1st President of the Australian Council of Trade Unions
- In office 1927–1934
- Succeeded by: Albert Monk

Secretary of the Victorian Trades Hall Council
- In office 1931–1933
- Preceded by: Maurice Boyce Duffy
- Succeeded by: Albert Monk

President of the Victorian Labor Party
- In office 1928–1929

Mayor of Coburg
- In office 1928–1929

Personal details
- Born: January 31, 1884 Melbourne, Colony of Victoria
- Died: July 4, 1934 (aged 50) Moreland, Victoria, Australia
- Resting place: Melbourne General Cemetery
- Party: Australian Labor Party
- Spouse: Frances Annie Barratt
- Children: 2
- Profession: Plumber

Military service
- Allegiance: Australia
- Branch/service: Australian Navy
- Years of service: 1911–1913
- Rank: Lieutenant

= Billy Duggan =

Australian trade unionist

William Joseph Duggan (31 January 1884 - 4 July 1934) was an Australian trade unionist who served as the first president of the Australian Council of Trade Unions.

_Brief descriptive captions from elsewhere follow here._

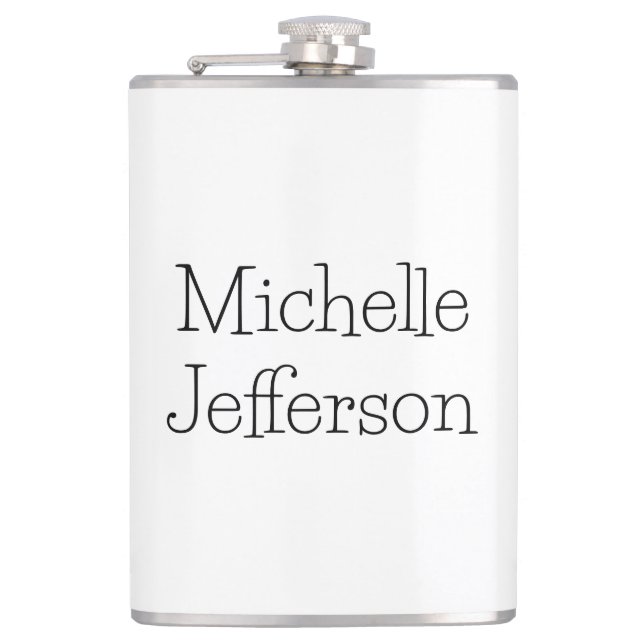 Trendy Black & White Script Name Chic Flask (Front)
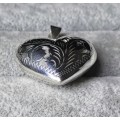 Detailed Silver Heart Pendant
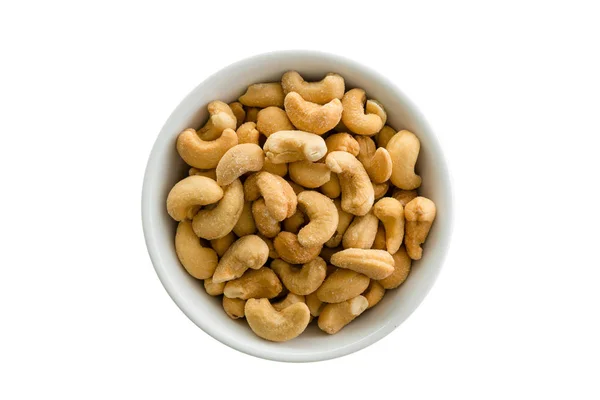 Bowl Full Crunchy Fresh Roasted Shelled Cashew Nuts Viewed Isolated — Stock Photo, Image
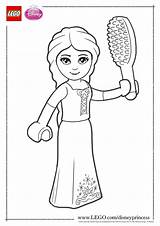 Lego Coloring Princess Disney Pages Rapunzel Princesses Frozen Jasmine Ariel Aurora sketch template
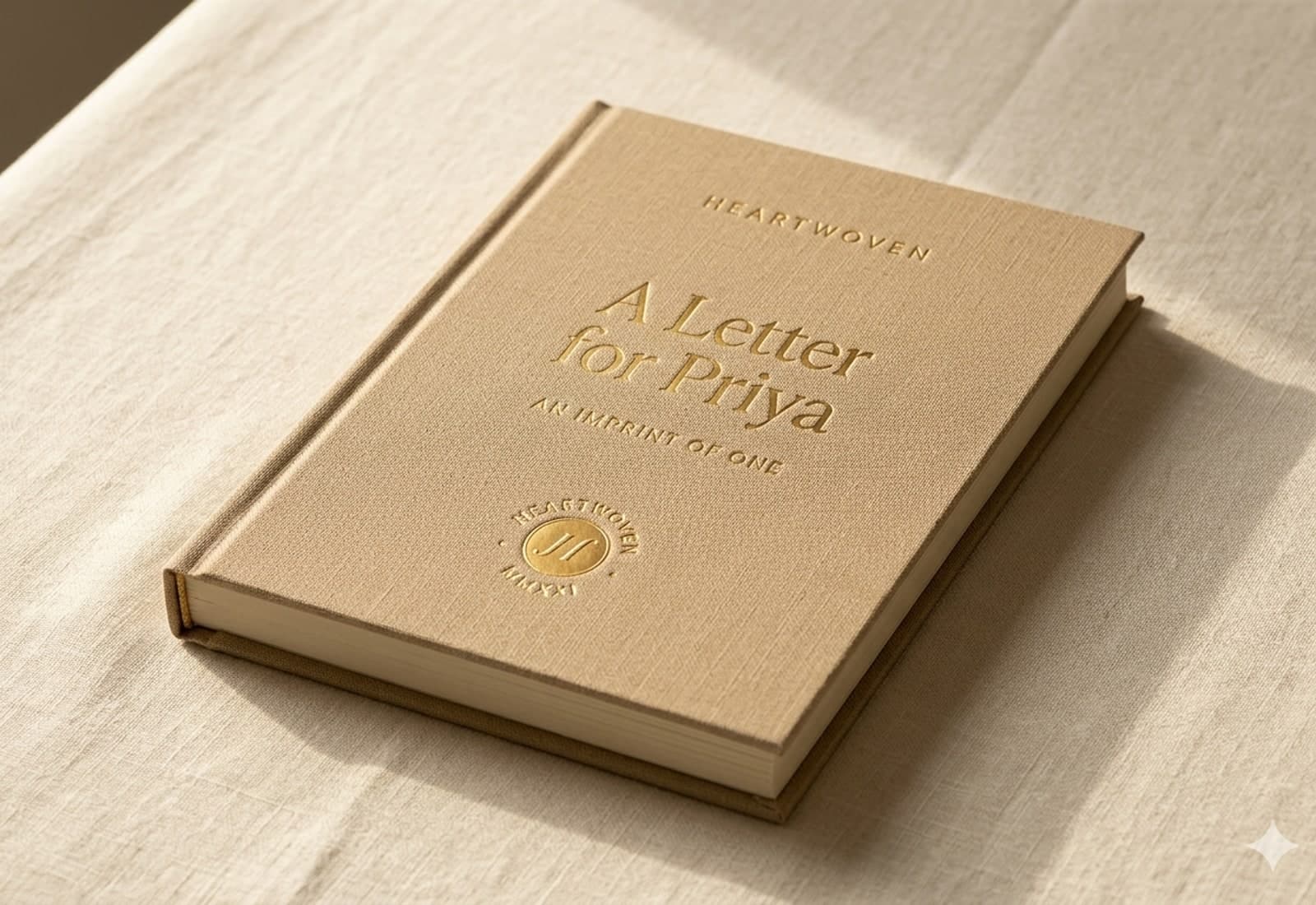 Heartwoven Hardcover — single A5 hardcover book, Tan linen with gold foil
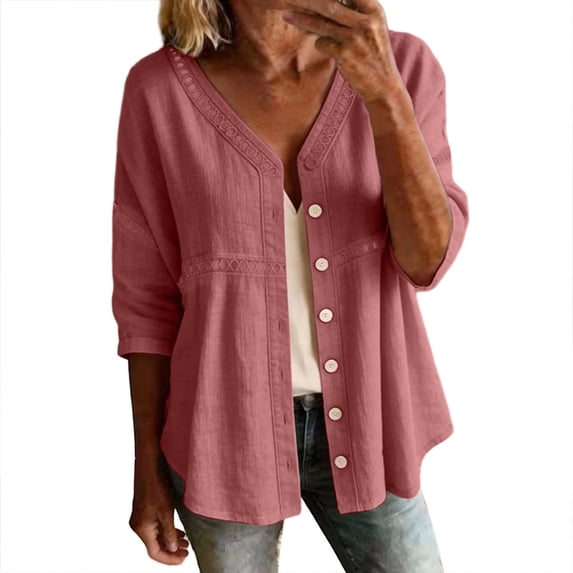 Dvprdro Breathable Lightweight Linen V Neck Embroidered Top for Women 3/4 Sleeve Button Front Loose Fit Summer Blouse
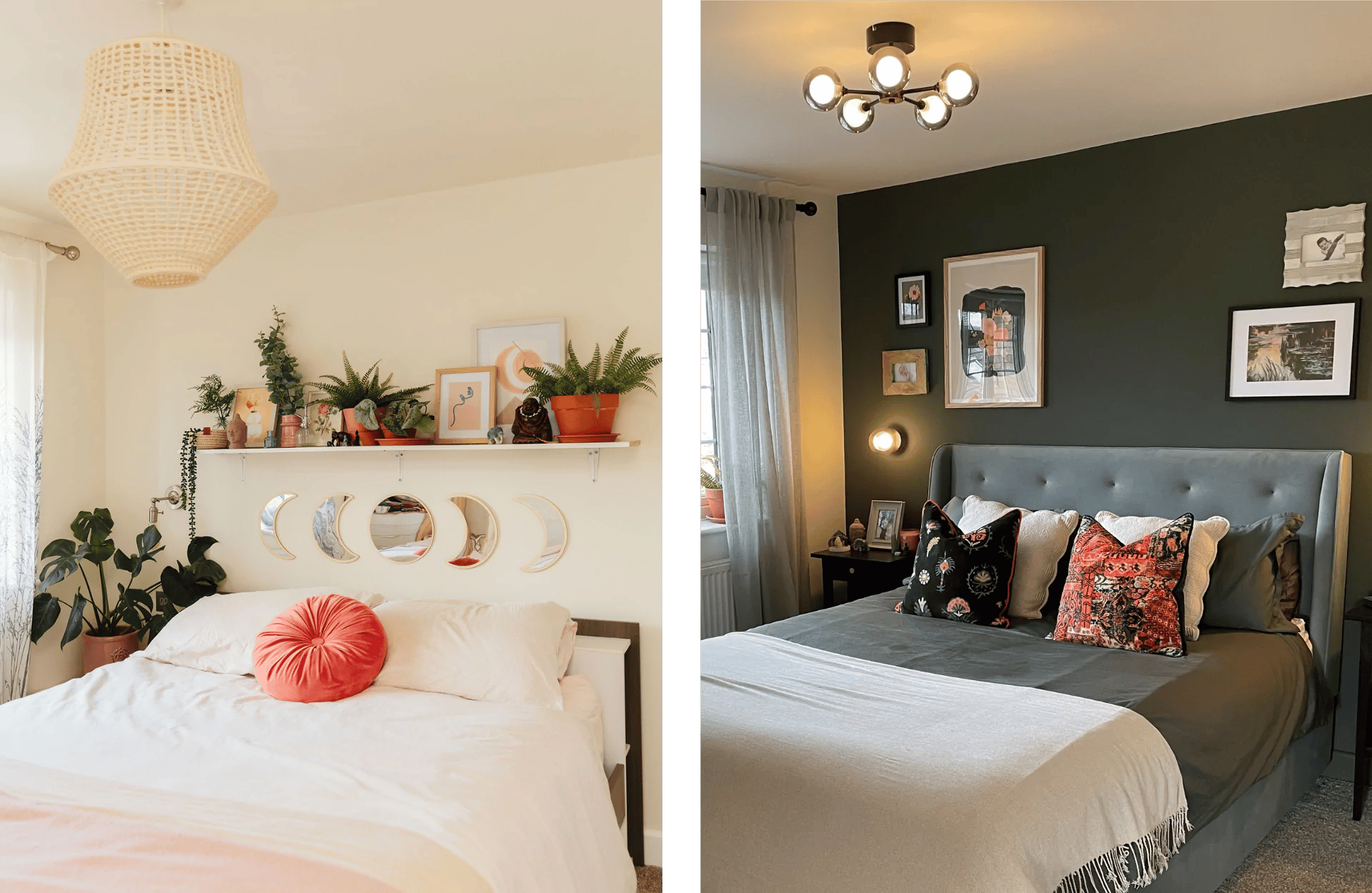Light vs dark bedroom colour scheme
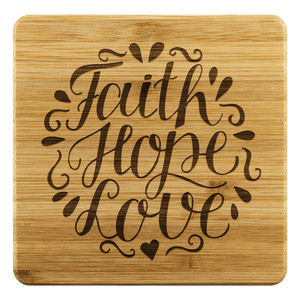 Faith Hope Love Handmade Bamboo Coaster Coasters Bamboo Coaster - 4pc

Duggan was born in Melbourne to ironoulder William Duggan and Elizabeth Margaret, née Whitmore. He attended local state schools before working as an estate agent and plumber, eventually joining the navy. In his early years he developed both his penchant for self-education and his boxing skills. He later left the navy to return to plumbing. On 12 March 1910 he married Frances Annie Barratt at St James Old Cathedral. In March 1912, as a member of the Commonwealth Military Cadet Corps, he was commissioned lieutenant, but in 1913 he resigned; despite his early support for military training he would oppose conscription during the 1916-17 referendums.

Duggan had joined the United Operative Plumbers and Gasfitters' Society of Victoria (which became the Australian Plumbers and Gasfitters Employees Union in 1912) in 1910. He was state vice-president from August 1911 until his election as first organiser in January 1912. In 1914 he became first secretary of the Building Trades Federation, and in March 1918 he sat on the Shipbuilding Tribunal. He continued to be active in the union movement throughout the 1920s, serving as a Plumbers' Union delegate on the Victorian Trades Hall Council until his election as THC President (1926-27). He chaired the 1927 Third All-Australian Trade Union Congress, which established the Australian Council of Trade Unions of which he was inaugural president, serving until 1934.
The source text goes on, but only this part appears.